Il me dévisagea avec un sourire.

⸺ Je vais bien, merci. Et toi, comment te portes-tu ?

Je secouai la tête, amusé, puis tirai une chaise afin de m'y asseoir dessus. Harry semblait agité.

⸺ Je dois aller au Ministère, ce matin. Pour chercher ta baguette. Cela fait deux mois que tu es là, et le délai d'examen est passé. Inutile que tu viennes, tu sais que tu as des ennemis et il serait préférable que tu restes en sécurité.

Je levai un sourcil.

⸺ Et depuis quand te préoccupes-tu de ma sécurité ? Je sais me défendre tout seul.

⸺ Premièrement, je suis ton tuteur, tu te rappelles ? Et puis, deuxièmement, je n'aimerais pas que tu sois blessé, voilà tout. Excuse-moi, Drago, j'aurais aimé converser plus longtemps, mais je vais être en retard. Sers-toi du chocolat chaud, et puis tu sais ou se trouve la nourriture pour ton petit-déjeuner. Oh, et, s'il te plaît, reste dans la maison pendant mon absence, autrement nous aurions tous deux des ennuis avec le Ministère...

Il enfila son manteau, fuyant mon regard.

⸺ Allez, je file. À tout à l'heure, Drago.

La porte claqua avant que je ne puisse lui poser une question, et je restai de nombreuses secondes à fixer le vide, étonné par son comportement. Que se passait-il ? Potter avait toujours été étrange, bien sûr, mais là... il semblait perturbé. Me cachait-il quelque chose ? Évidemment, je ne connaissais pas toute sa vie, mais il y avait quelque chose me concernant qu'il ne me disait pas. C'était curieux, mais je me surpris à lui en vouloir un peu.

Oh, et puis merde ! Tu n'es qu'un égoïste, Drago ! Potter n'était pas le seul à cacher des choses... j'étais loin d'être en reste.

Lors de mes deux premières années, je l'avais cordialement détesté. Plus tard, j'ai appris à l'observer, pour mieux le briser, je pensais à l'époque.
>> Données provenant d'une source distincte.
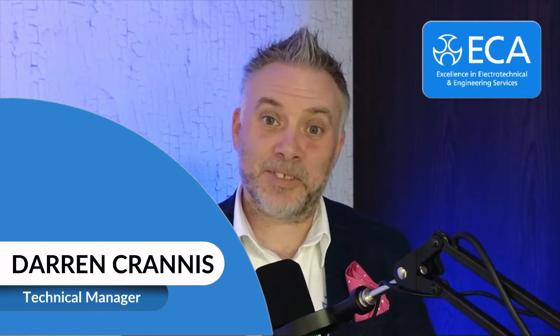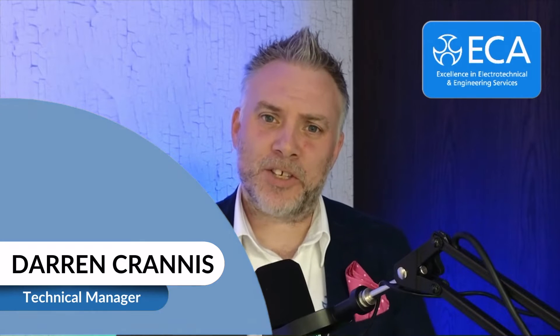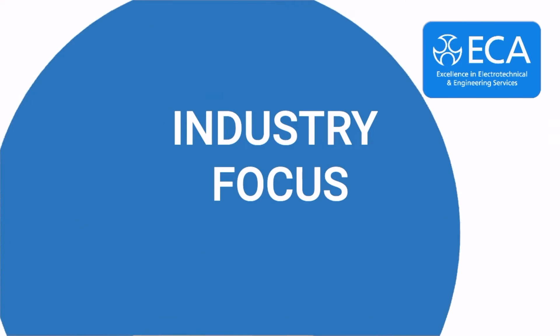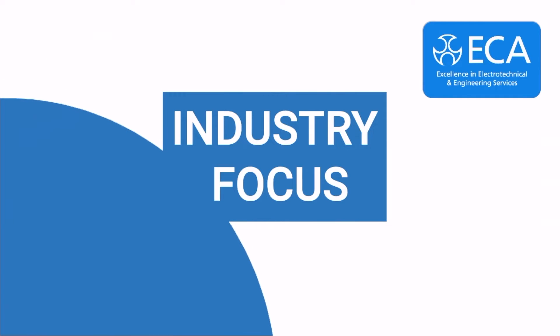Hi, my name's Darren Crannis, and I'm a technical manager here at the ECA. One of our most common questions to our helpline is: when do we need to notify the DNO — the local network operator? Welcome to Industry Focus, the latest updates from your ECA experts addressing key member concerns and industry issues.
Mais je devais bien m'avouer que je prenais plaisir à lui lancer des piques, à l'insulter, à me moquer de lui. Parfois, j'avais l'impression que je pouvais le haïr à en crever. Mais tout ça ressemblait à un théâtre trop bien joué, entouré par une brume de non-dits que ni lui ni moi n'avions le courage de franchir. J'étais tellement immature à l'époque !
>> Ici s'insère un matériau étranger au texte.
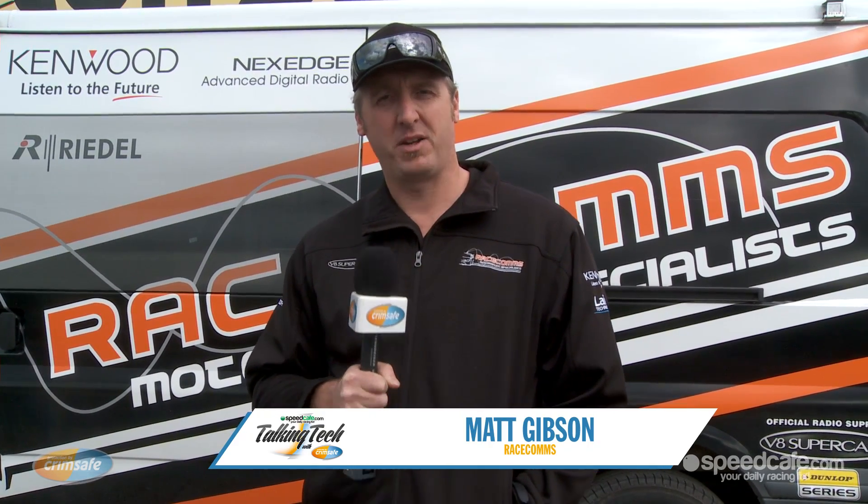Welcome to Crimsafe Talking Tech. I'm Matt Gibson from RaceComms. I'm going to show you what it takes on a race weekend for radio communications to work smoothly.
Bien évidemment, Potter devait être mon ennemi, alors Potter a été mon ennemi. Je n'ai jamais réfléchi à la relation que j'entretenais avec lui, j'ai toujours fait ce qu'on me disait de faire. Je suis sans doute passé à côté de tant de choses ! Amitiés, véritables ennemis, camaraderie, et probablement amours... Pansy n'avait jamais été une personne qui m'attirait. Mais bon, qui aurait pu vouloir de moi ? Lorsque mon père m'a fait m'enrôler de force dans les rangs des Mangemorts, je me suis promis de briser, faire du mal ou tuer le moins de monde possible. De garder toutes les personnes que je pouvais en vie. Bien sûr, j'en ai payé le prix, n'ayant pas été capable de faire passer Dumbledore de vie à trépas...

Je fermai les yeux et inspirai. Du calme, Drago. Ne repense pas à la Guerre. Tu es sorti d'Azkaban, tu es en sécurité ici. Chez Harry Potter, certes, mais en sécurité. Et probablement bien plus heureux que si tu étais resté en cavale après la Bataille de Poudlard.

Je secouai la tête. Il fallait que je cesse de vivre dans mes souvenirs.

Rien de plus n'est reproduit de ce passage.